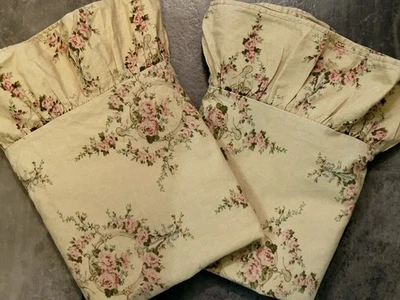 RALPH LAUREN TRIANON РОЗОВЫЙ РОЗОВЫЙ ЦВЕТОЧНЫЙ ЖЕЛТОВАТО-КОРИЧНЕВЫЙ ГОФРИРОВАННЫЙ STD ХЛОПОК НАВОЛОЧКА ПАРА - Изображение 1 из 4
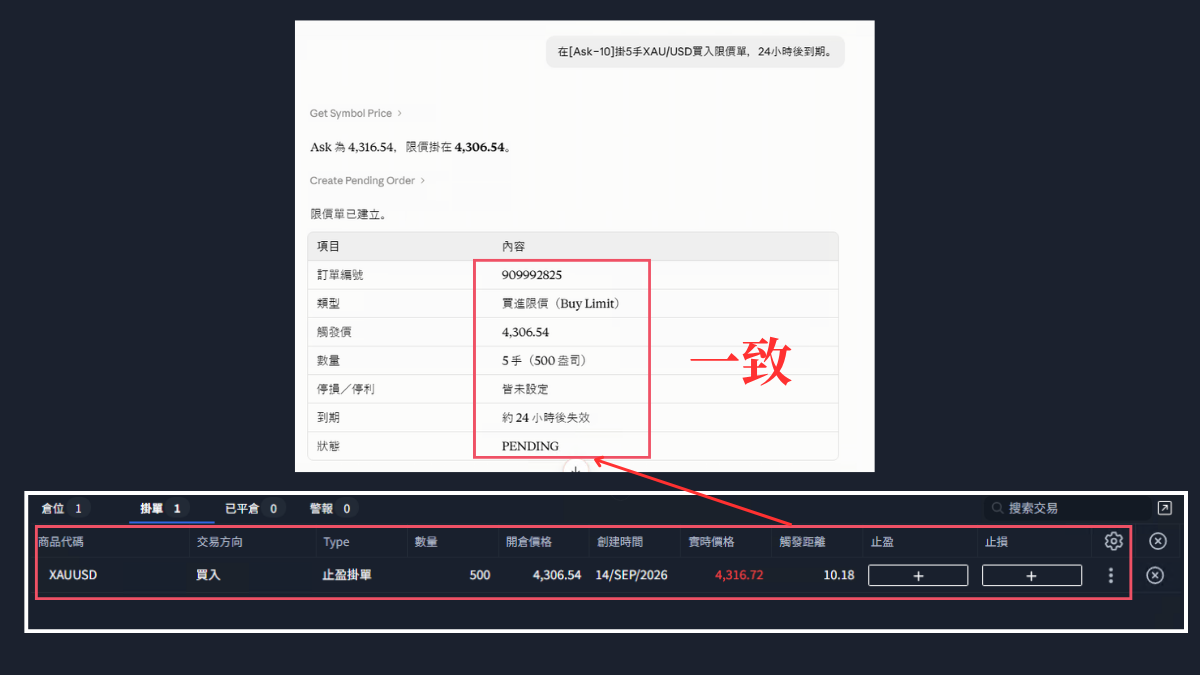 Claude建立的買入限價單明細與ThinkTrader掛單列表對照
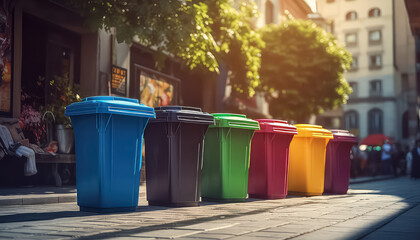 Bins for separate garbage collection on a clean street , Environmental eco safe Conservation - obrazy, fototapety, plakaty
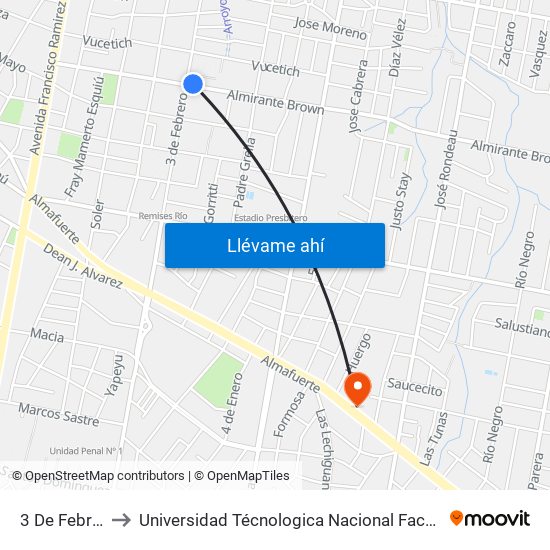 3 De Febrero, 1220 to Universidad Técnologica Nacional Facultad Regional Paraná (Utn Frp) map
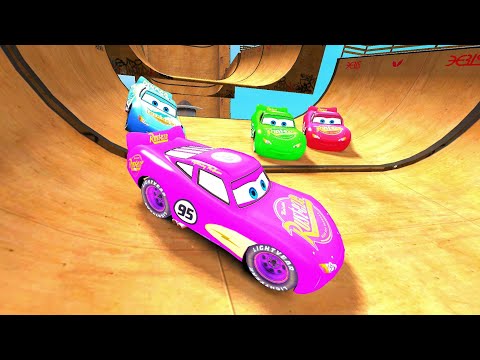 GTA 4 Lightning McQueens Huge Ramp Jump & Crashes Ep. 4 - GTA IV Cars Mod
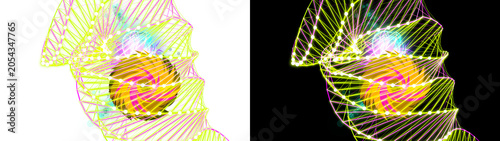 Quadro su tela PNG image of Abstract Swirl Fractal Art, Vibrant Neon Light Trails, Psychedelic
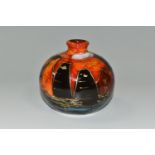 AN ANITA HARRIS ART POTTERY BULBOUS VASE, hand painted black and orange Potteries design, gilt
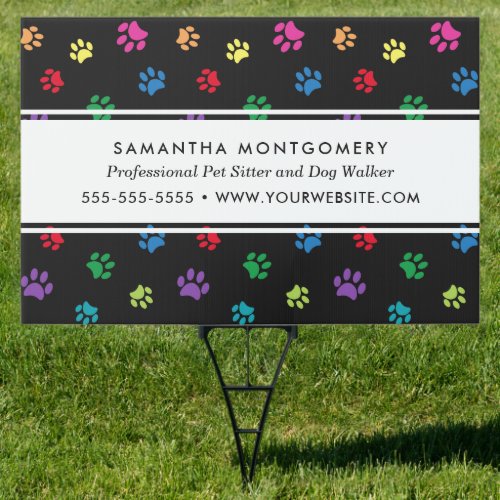 Colorful Paw Prints Pet Sitter Dog Walker Yard Sign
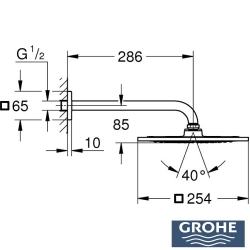 Grohe - Grohe Rainshower Aqua Tepe Duşu Seti, 25 cm, Tek Akışlı, Saten Grafit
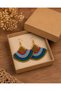 Colorful Bead Embroidered Handmade Macrame Fan Earrings – Bohemian Woman - 2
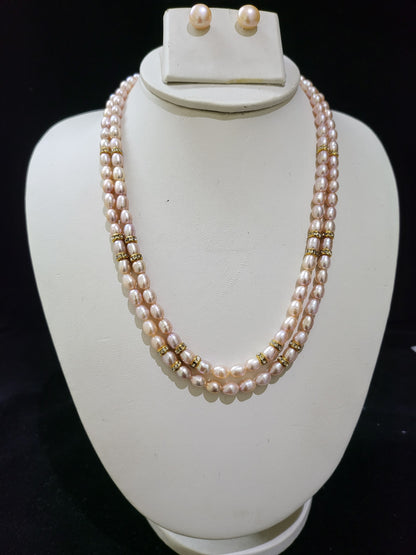 Double Layer Real Pearls Necklace | Peach Oval Pearls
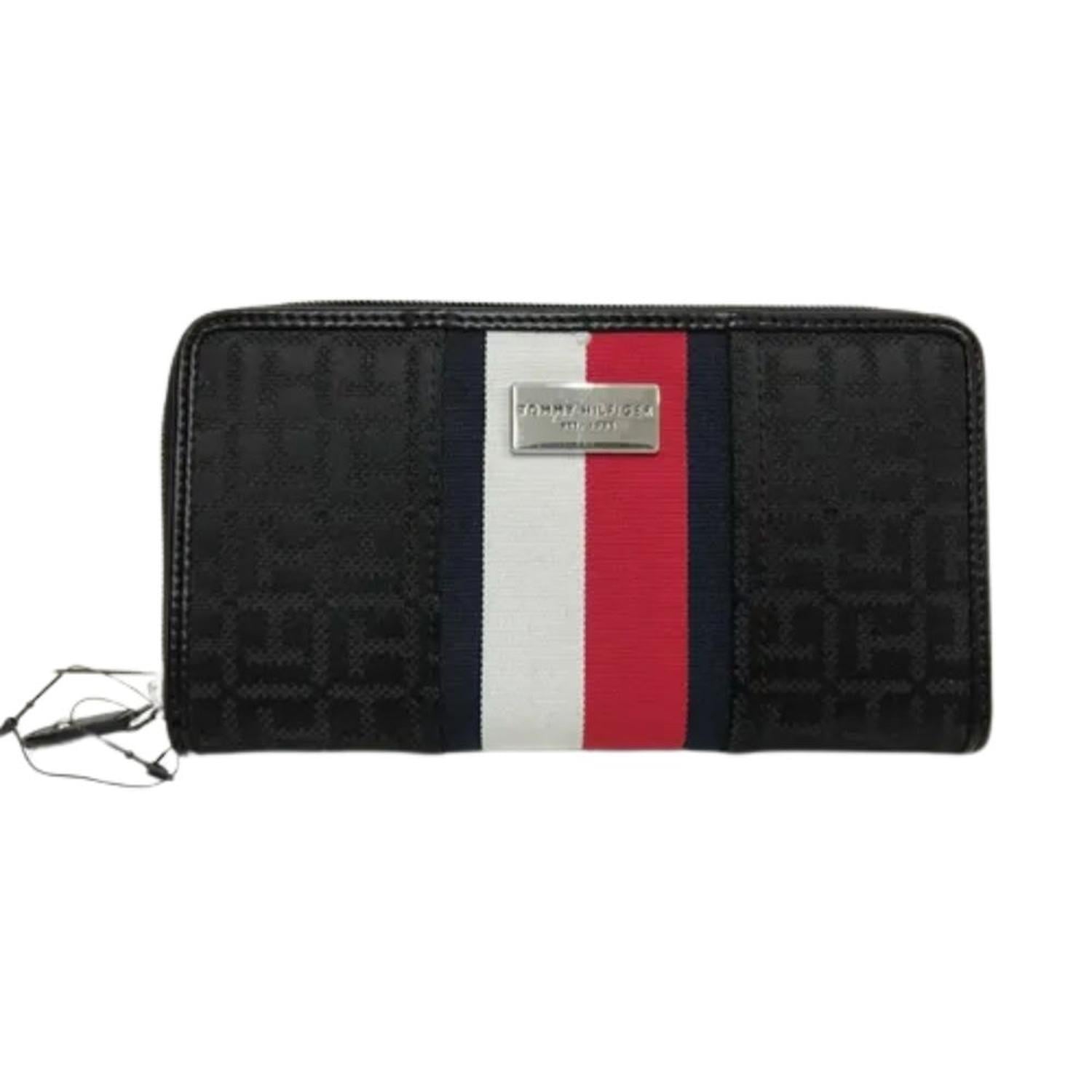 BILLETERA TOMMY HILFIGER ZIP AROUND FLAG - NEGRO - 1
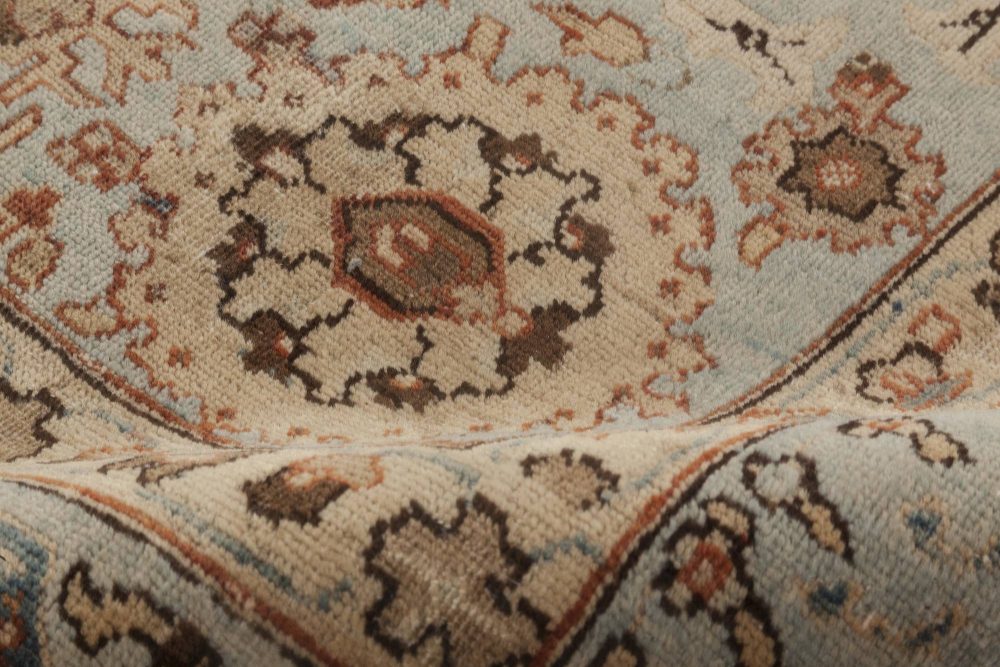Antique Persian Tabriz Azure, Ivory & Umber Handwoven Wool Rug BB6406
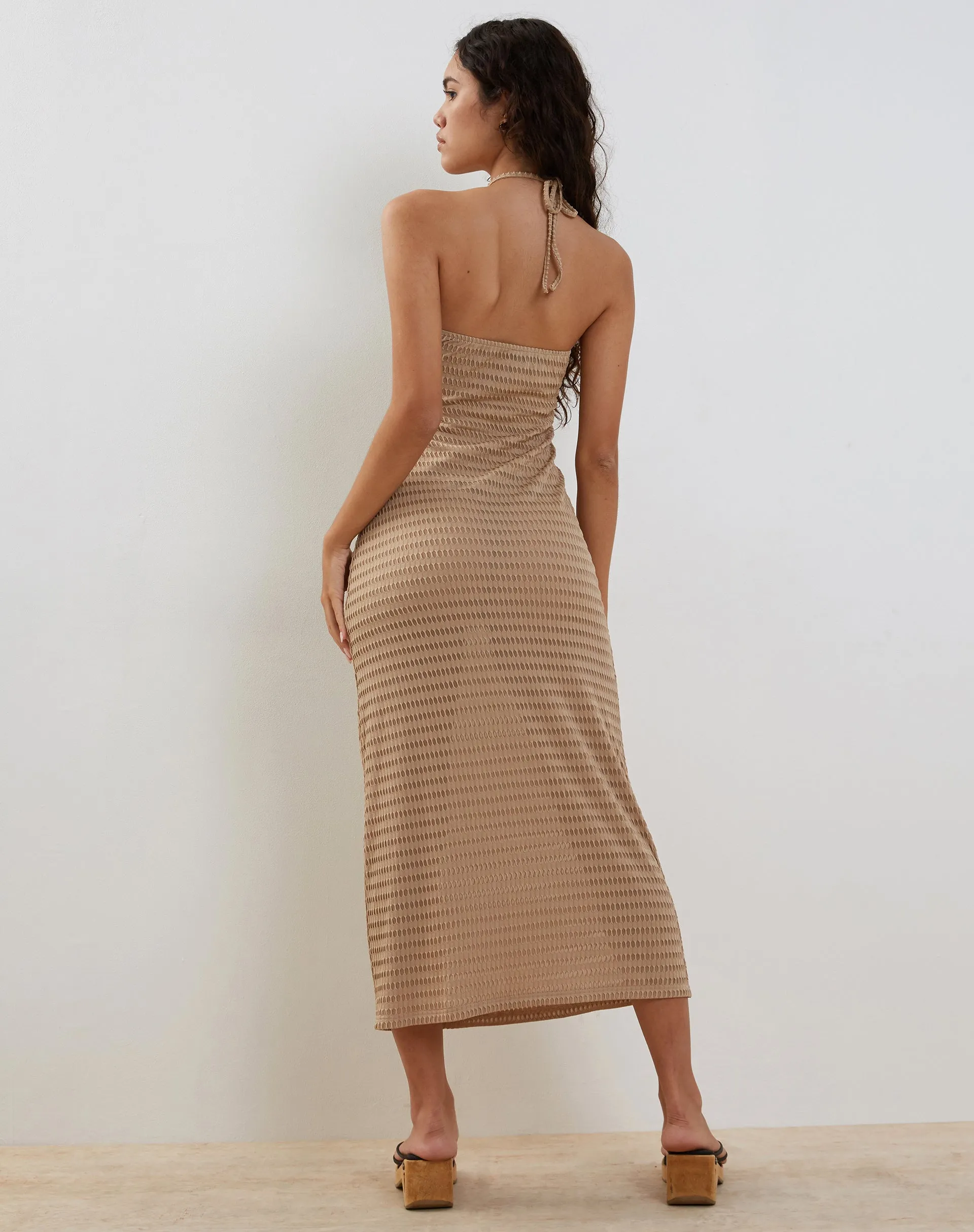 Emersyn Waffle Knit Halterneck Midi Dress in Oat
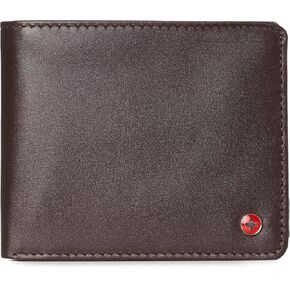 Alpine Swiss RFID Mathias Mens Wallet Deluxe Capacity Passcase Bifold With Divided Bill Section Camden Collection Comes in a Gift Box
+ + + + + + +
Task prompt »
Every line from the one bearing "Double Layer Real" through the end of the data above must be output exactly, and no picture may appear.

Answer for the task »
 Double Layer Real Pearls Necklace | Peach Oval Pearls
 BILLETERA TOMMY HILFIGER ZIP AROUND FLAG - NEGRO - 1
Antique Persian Tabriz Azure, Ivory & Umber Handwoven Wool Rug BB6406
 Emersyn Waffle Knit Halterneck Midi Dress in Oat
 Alpine Swiss RFID Mathias Mens Wallet Deluxe Capacity Passcase Bifold With Divided Bill Section Camden Collection Comes in a Gift Box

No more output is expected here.